Below Tweed was Ural, where Wenzel and Josephine Fritch and their
son Jerry came from Czechoslovakia to homestead in May 1904... A number of Russians (who
named the area after their Ural Mountains) were employed on the railroad. One night a
train killed one of them, and it was Jerry's duty as track walker and railroad inspector
to pick up the pieces of the body in a bucket, which he then placed in the
carhouse. When
morning came and the other Russians learned of the accident, they simply disappeared,
being very superstitious in the face of death...
On below Ural were Valcour, Warland, Yarnell and Jennings.
Warland, in spite of the intense cold, deep snow, and short growing season, had quite a
number of homesteaders, who gradually turned to woods or mill work with the growth of the
Baird-Harper Lumber Company. This employed a great many men in its mill, planer and wood
operations.
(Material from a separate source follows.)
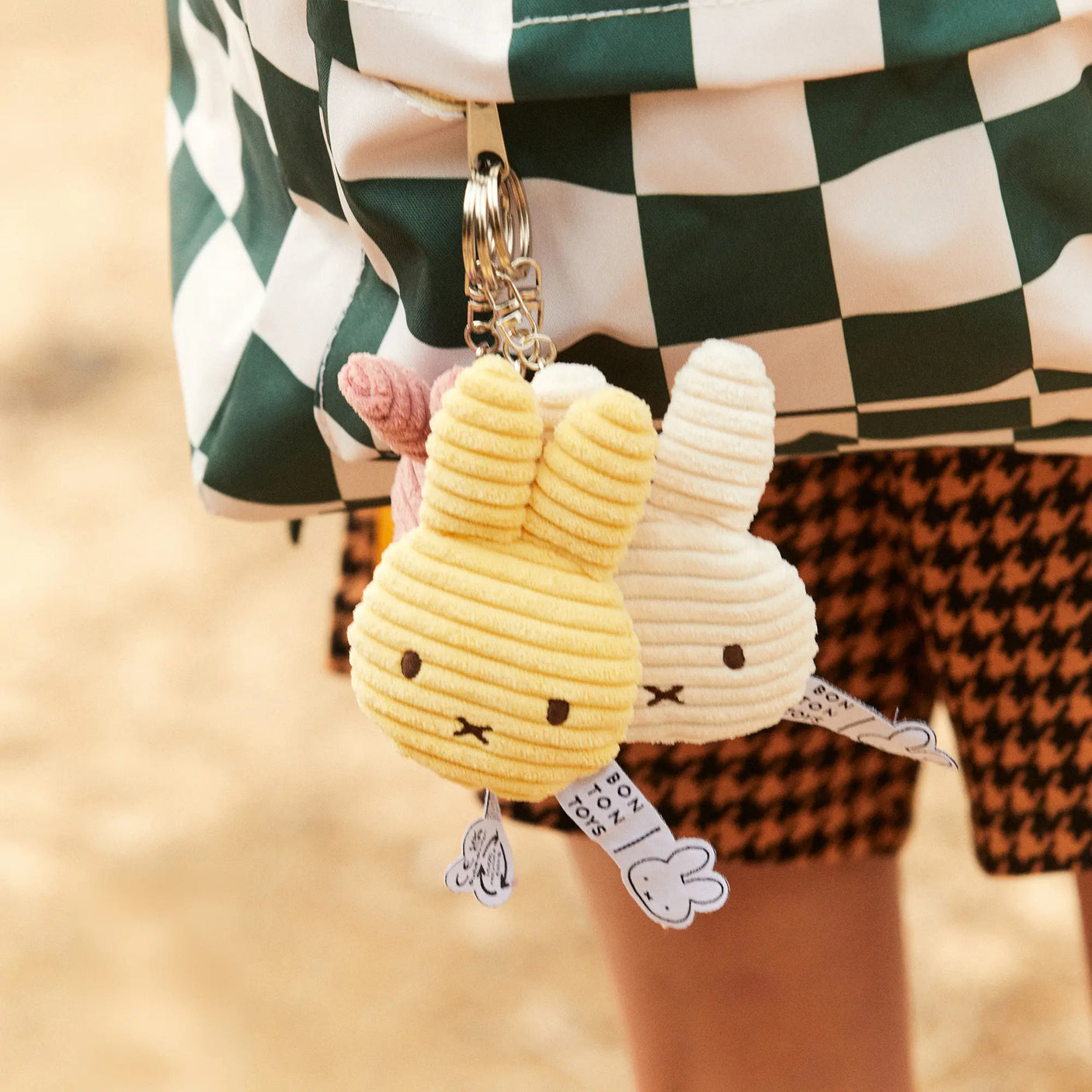 Two white corduroy rabbit keychains with metal rings, one with pink nose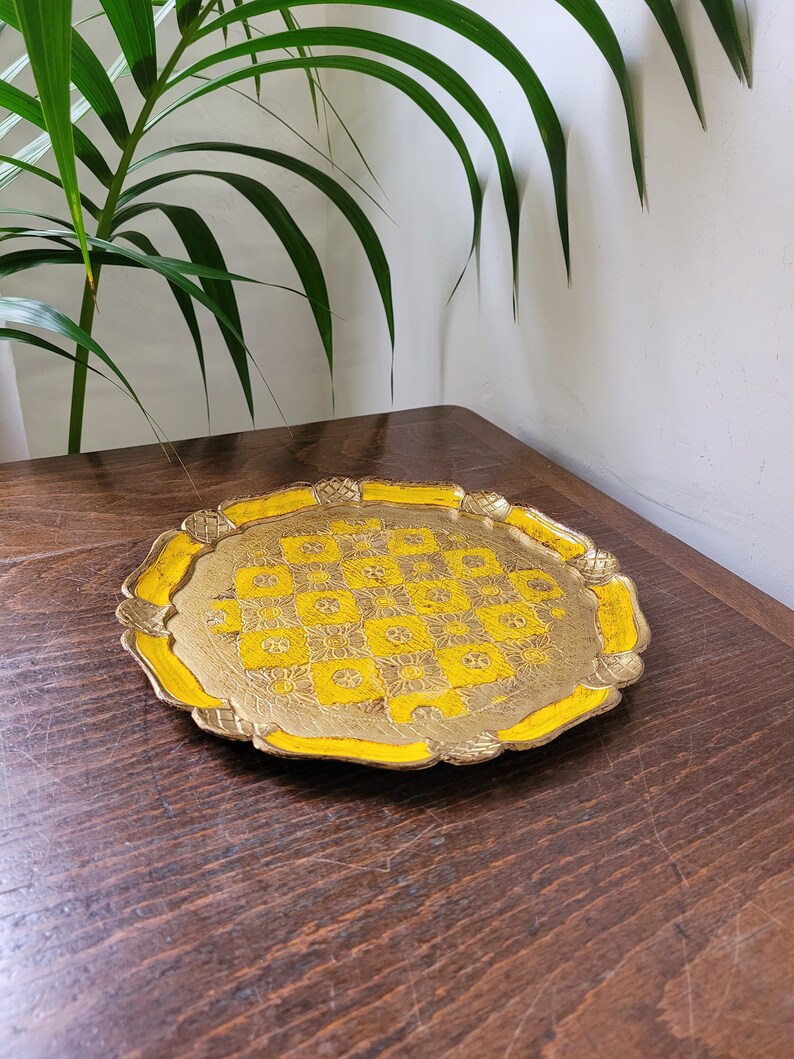Op de afbeelding: Een ronde, gouden dienblad met een gele rand en een ingewikkeld, gegraveerd ontwerp. Het dienblad ligt op een houten oppervlak.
There was a ferry across the river, but no road to Libby or Rexford; when Earl
Hansberry's father's first car arrived by railroad car, there were few miles of road on
which to drive it. The company had offices, a general merchandise store, boarding and
rooming houses; there was also a hotel, church, drug store, pool room, board walks and a
long street of private houses, as well as the handsome white lumber two-story schoolhouse
for the many children of the mill families.
Jennings, founded with the railroad construction in 1892, was a
good-sized town also before its major fires of 1904 and 1914. It once had 1500 persons....
At each of these small towns lived hardy pioneers such as those mentioned above, most of
them coming after the railroad. They had the stamina and determination to face the deep
snow, the isolation and the cold winter to try to carve their homes out of this rugged
beautiful canyon."
Shea, Marie. Early Flathead and Tobacco Plains , 1977.